Base Rate Calculation

Note: BWN base rate calculations are a work in progress and feedback is welcome on all parts of the BWN methodology.

For conferences in fields without established base rates, we use NIH Reporter to find the base rate of women in the field. To use NIH Reporter one must decide on some keywords that cover the conference in question.  Once that is done, there are two ways to calculate the base rate:

  1. Manually
    • Choose some of the results pages (e.g., if there are 20 pages, you can choose 5, 10, and 15) and count the names of men and women on the pages. They are alphabetically ordered so it is easy to see duplicates and count each person only once. For researchers whose name is not sex-identifiable, search for the person online and determine sex from photos.

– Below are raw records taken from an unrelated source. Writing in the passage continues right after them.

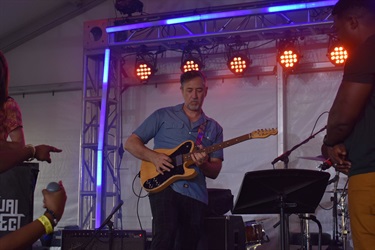Guitar-Man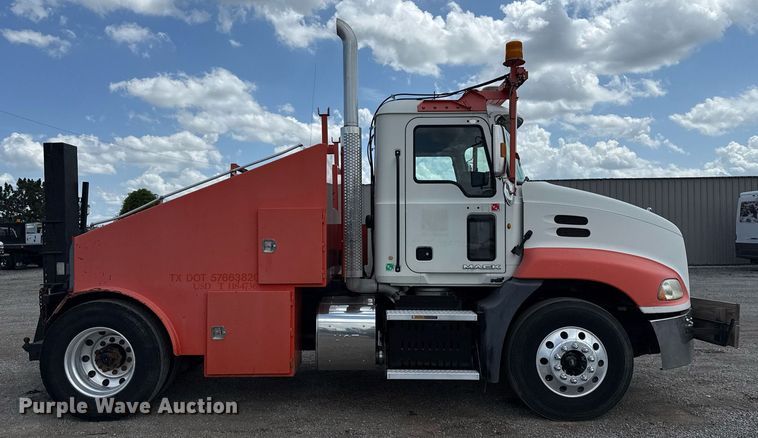 image for item EG5966 2012 Mack CXU613 toter truck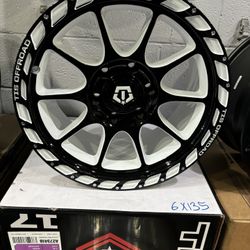 17x9.  6x135.     0.  Offset. Ford Pattern. 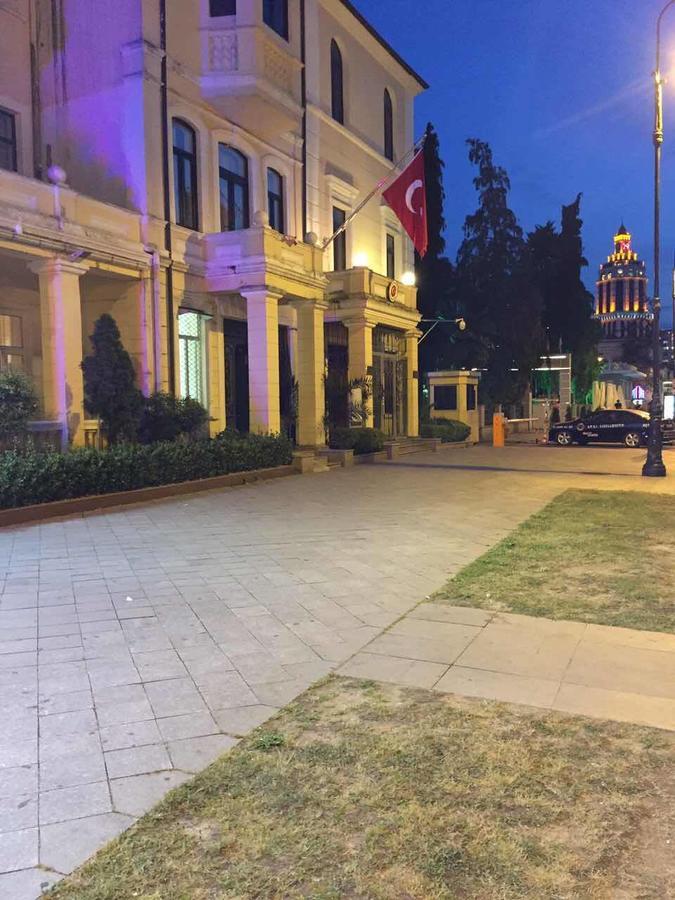 Mar Nero Vandrarhem Batumi Exteriör bild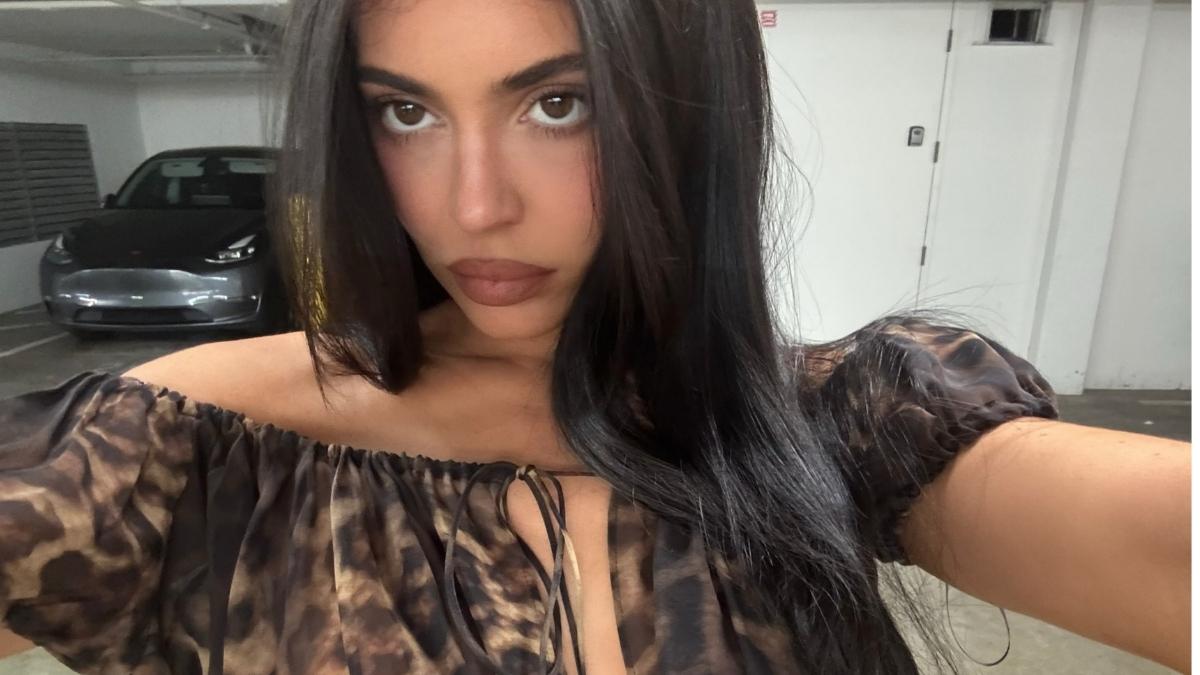 Ilustrasi kylie jenner untuk artikel Kylie Jenner Tampil Berani dengan Gaun Cutout di Pernikahan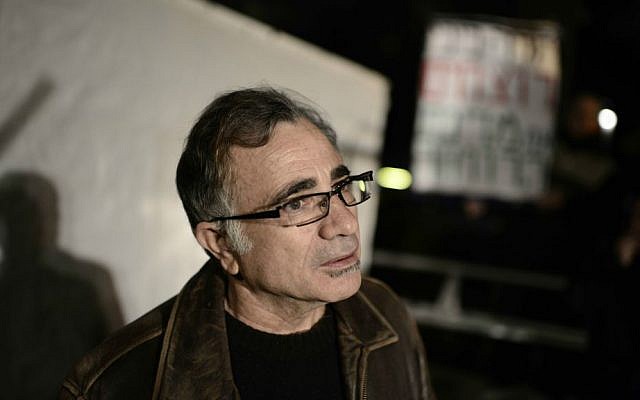 Actor Moshe Ivgy, at a 2014 protest against the price of Tel Aviv housing (Tomer Neuberg/Flash 90)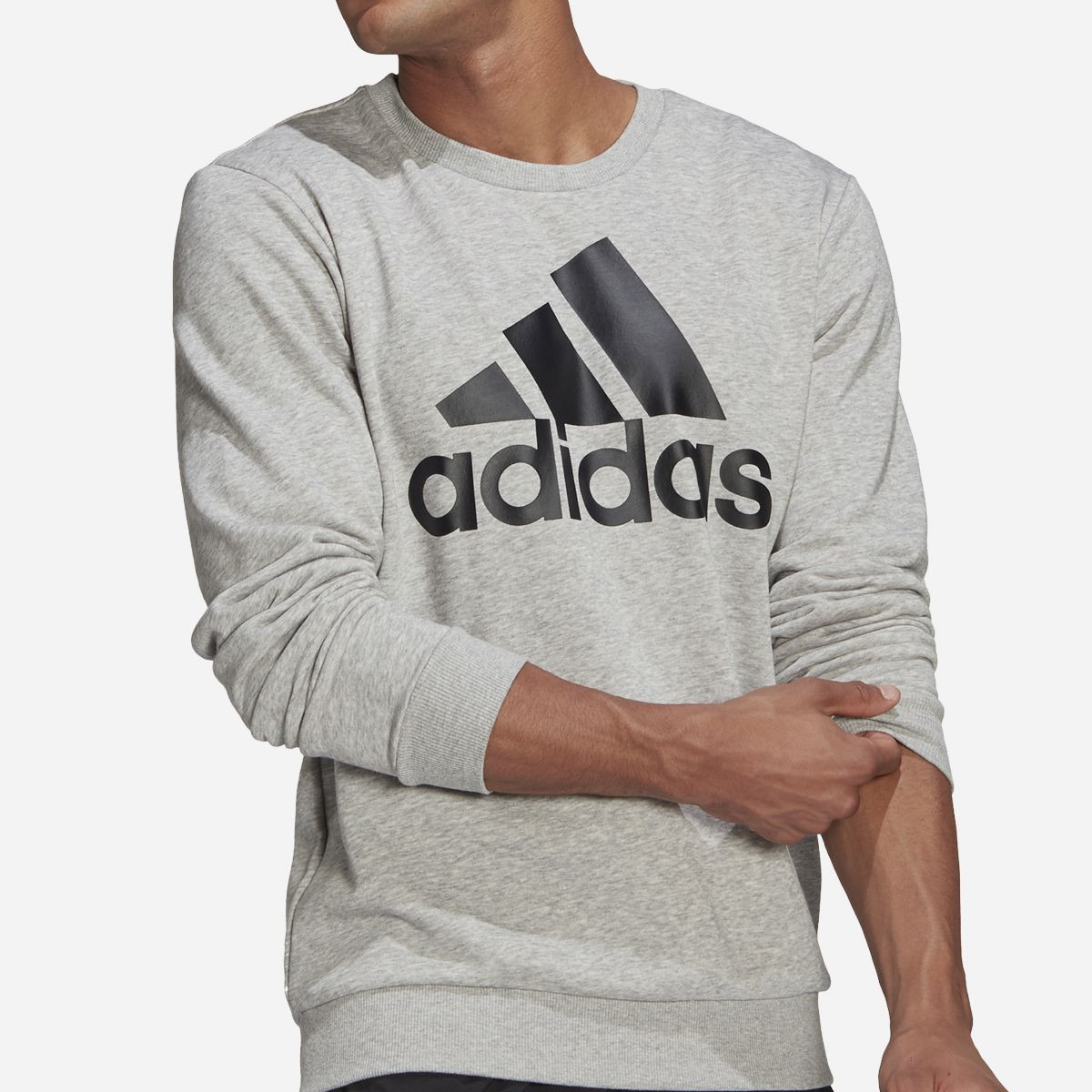سويت شيرت مطبع بشعار اديداس من اديداس-men-winterwear-hoodiesandsweatshirts-image-2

Information that is needed to report the base rates is: the keywords used for the search, the pages that were counted  (out of how many), and the resulting base rate.
  2. Using a python script (40 NIH page limit/day)
    • Export all projects matching the chosen keywords (using the option in the top right corner in NIH Reporter.) Make sure all fields are selected when exporting. Then use this python script that extracts names, and evaluates sex based on a probabilistic mapping of names to sex. The output is to a csv file, and includes names that the script’s API could not find a sex for — for these, search online as in (1), and tally up the results. Information that is needed to report the base rate is: the keywords used for the search, the completed csv / excel file (if you are running the script yourself), and the resulting base rate.